Following SGD algorithms are supported:
VanillaSGD, whose update is defined as:
\[\text{VanillaSGD}(g) = \text{lr} * g \]MomentumSGD [Polyak, 1964], whose update is defined as:
\[\text{MomentumSGD}(g) = \text{lr} * m_{t} \\ \quad \\ \text{where} \quad m_{t} = \text{momentum} * m_{t-1} + g \]NesterovSGD [Sutskever et.al, 2013], whose update is defined as:
\[\text{NesterovSGD}(g) = \text{lr} * (\text{momentum} * m_{t} + g) \\ \quad \\ \text{where} \quad m_{t} = \text{momentum} * m_{t-1} + g \]
__init__¶
SGD.
__init__
(
lr=0.01,
momentum=0.9,
nesterov=False,
**kwargs
)[source]¶Create a
SGD
updater.- Parameters:
- lr (float, optional, default=0.01) – The initial value to \(\text{lr}\).
- momentum (float, optional, default=0.9) – The initial value to \(\text{momentum}\).
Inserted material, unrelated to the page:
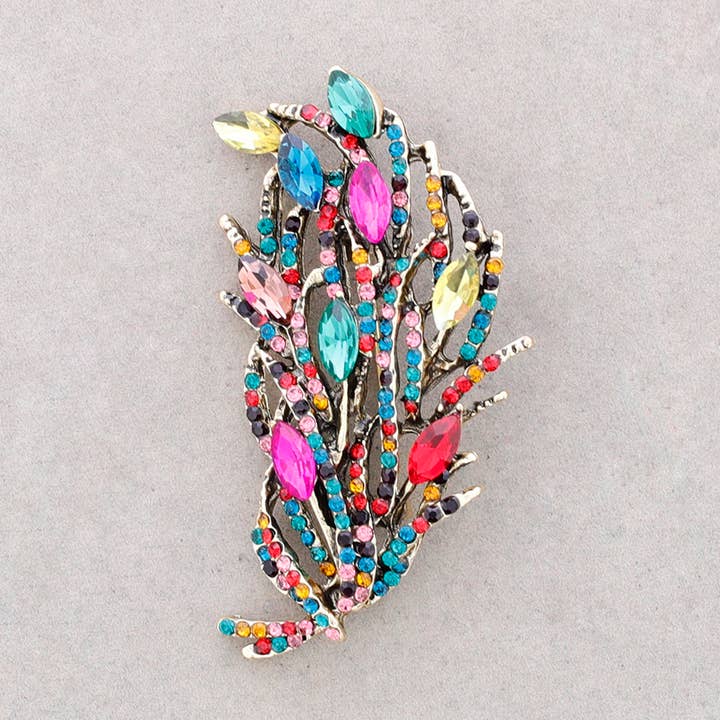 Spilla Rama a foglia in metallo con cristalli colorati per la vendita all'ingrosso da parte di Sonata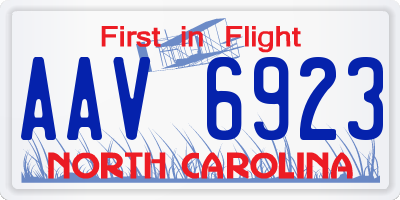 NC license plate AAV6923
- nesterov (bool, optional, default=False) –
True
to switch to NesterovSGD optimizer.
Methods¶
apply_gradients¶
Optimizer.
apply_gradients
(grads_and_vars)[source]Apply the gradients on variables.
- Parameters:
- grads_and_vars (Sequence[Sequence[dragon.Tensor]]) – The sequence of update pair.